US law makers have voted to introduce harsher penalties for those who spread spyware on people's computers. 
The House of Representatives voted overwhelmingly for two bills which clamp down on spyware programs................................

click this link for full story....here 

thanks to BBC for this story

lets hope it does some good!


----------



## POADB (Jul 28, 2004)

Finally.. 

getting somewhere...


----------



## MicroBell (Sep 21, 2004)

Hahhaha.. Don't count on it!! You need to read that law VERY carefully.


This law does not address adware makers..that we are dealing with every day in this forum. Also..these adware makers are aware that they will be under attack in the future. At present they are sending Cease and Desist letter's to just above every forum and site that removes this nasty crap from users PC.

Just today..Spyware Warrior and Eric Howes got one from Direct-Revenue because they disscused Aurora and the Nail.exe adware on their sites.
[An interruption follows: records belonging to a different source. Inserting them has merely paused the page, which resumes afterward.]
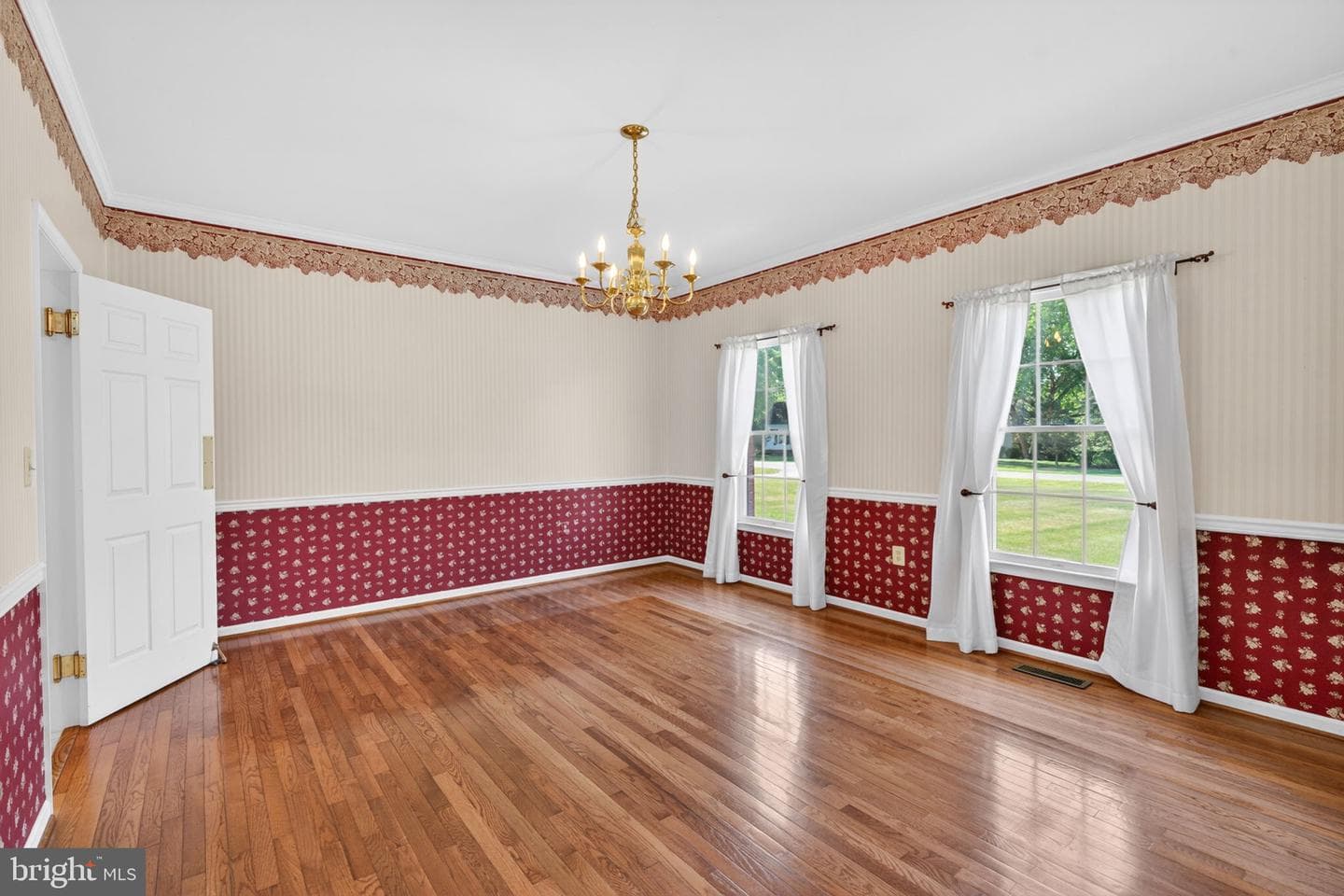 710 Waters Edge Court photo 62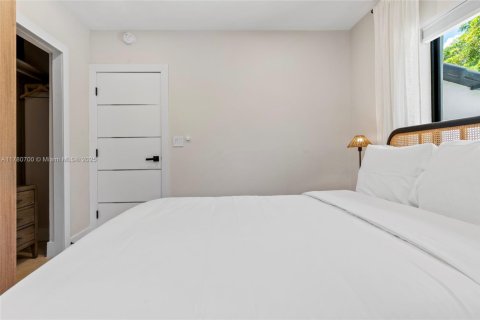House in Miami, Florida 2 bedrooms, 163.51 sq.m. № 1938084 - photo 15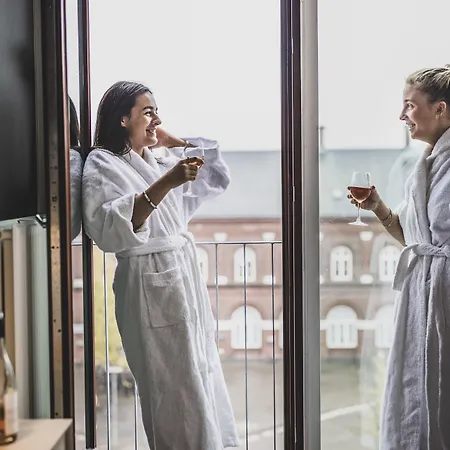 فندق فيرست كولدينج 4*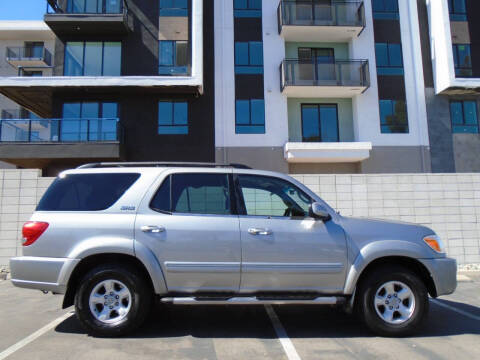 2005 Toyota Sequoia SR5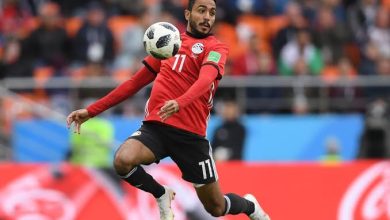 images 2 فيديو.. السيسي يمازح محمود كهربا خلال زيارته لتدريبات منتخب مصر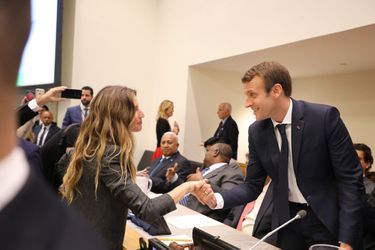  Gisele Bündchen et Emmanuel Macron mardi au siège des Nations Unies à New York.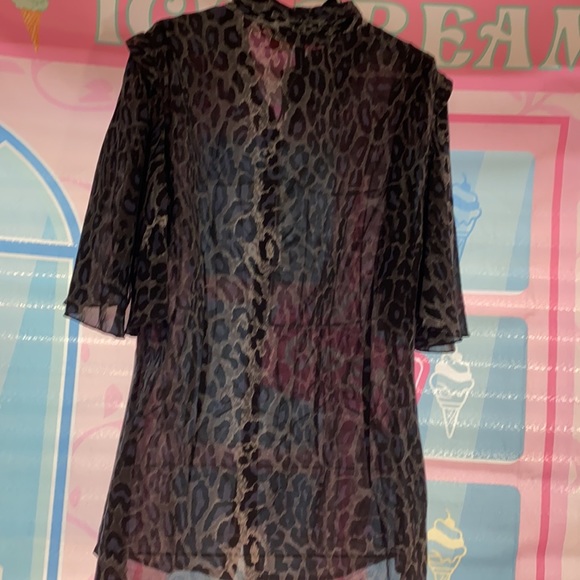 BCBGMaxazria silk animal print gray & black top - Picture 5 of 8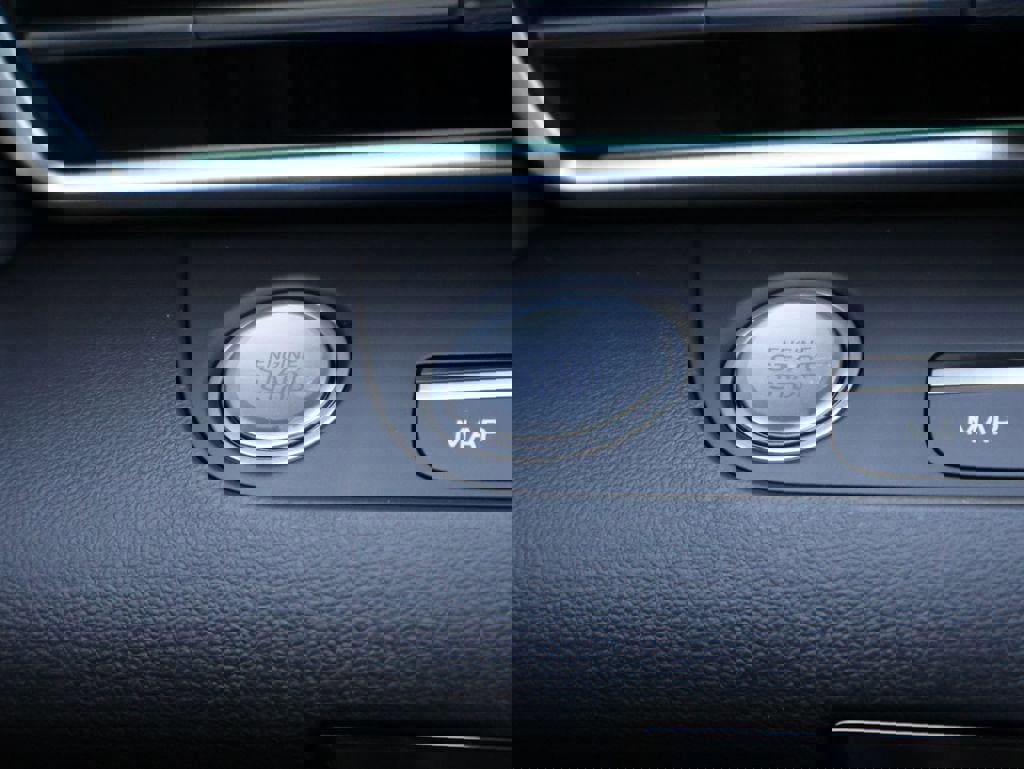 New 2026 Hyundai Elantra Limited image 34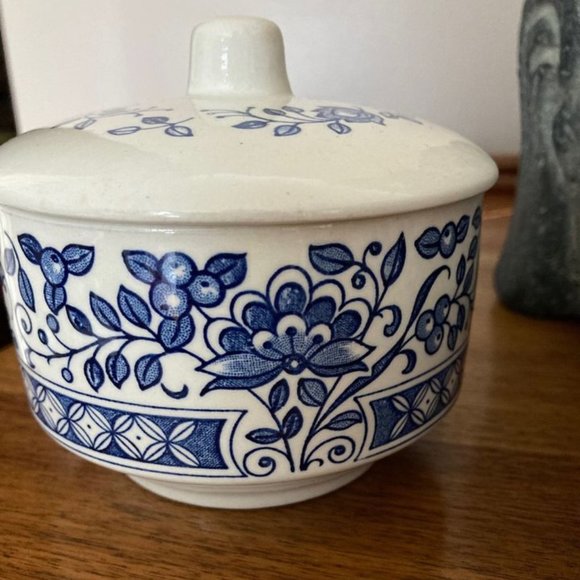 Vintage Broadhurst England Blue and White Sugar bowl and Creamer - Picture 2 of 4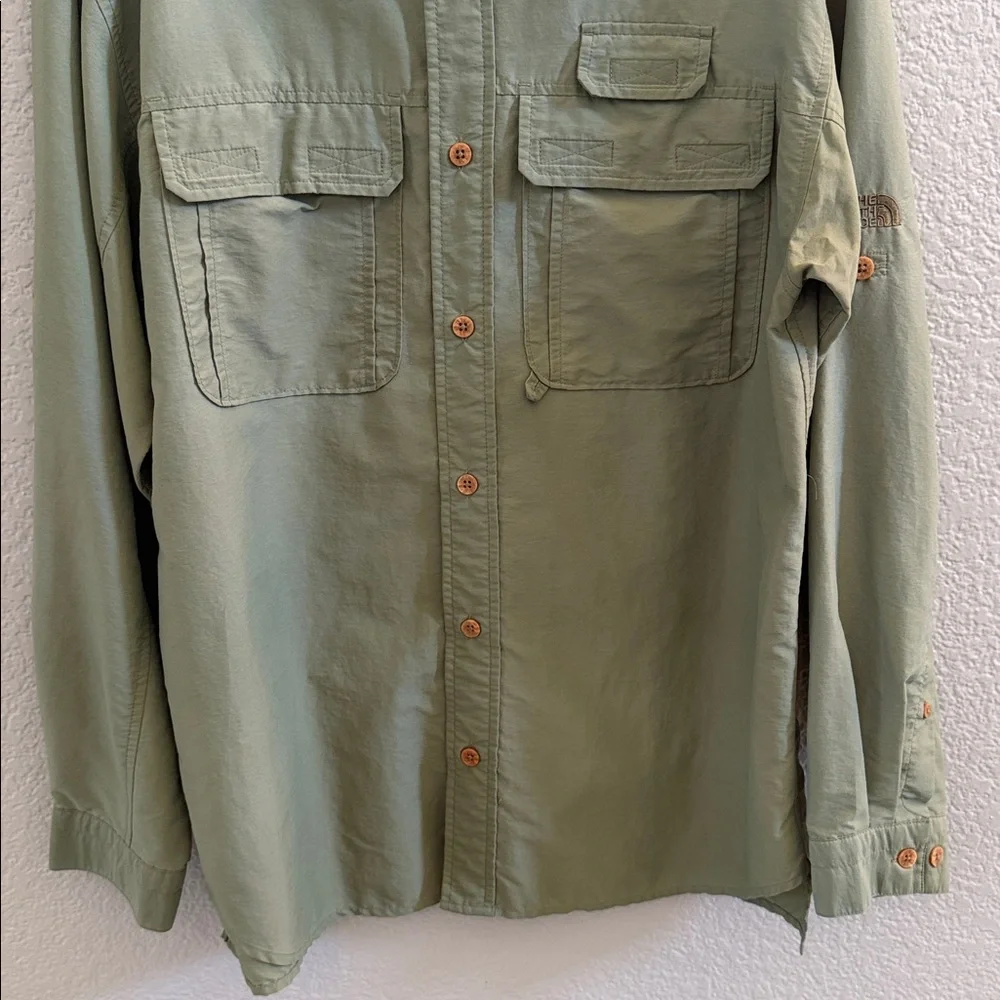 The North Face Green Nylon Cargo Button-Up Shirt Size Medium Outdoor Utility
There goal is to "SHUT UP" the people that know about this stuff and how to prevent it's install and how to remove it.


----------



## POADB (Jul 28, 2004)

Thats interesting - but what ever happened to 'freedom of speech'? hahaha...

The junk shouldn't be installed in the first place. Simple as.


----------



## Spatcher (Apr 28, 2005)

POADB said:


> Thats interesting - but what ever happened to 'freedom of speech'? hahaha...
> 
> The junk shouldn't be installed in the first place. Simple as.



Simple as...

But I agree, they should target the makers of *malware* not just spyware.


----------



## MicroBell (Sep 21, 2004)

You may find it interesting to see which adware/malware makers are sending their Cease and Desist letter's too..and threating Litigation to silence the critics of several companys and forums on the net. Ben has a list that can found here...

http://www.benedelman.org/spyware/threats/

Hasn't been updated with the recent Direct Revenue letters that just went out a few days ago. I swear these lawyers are totally clueless to what adware/spyware is....lol


----------



## superflysmith (Oct 15, 2004)

Litigation? How can they sue companies who tell the truth about them?


----------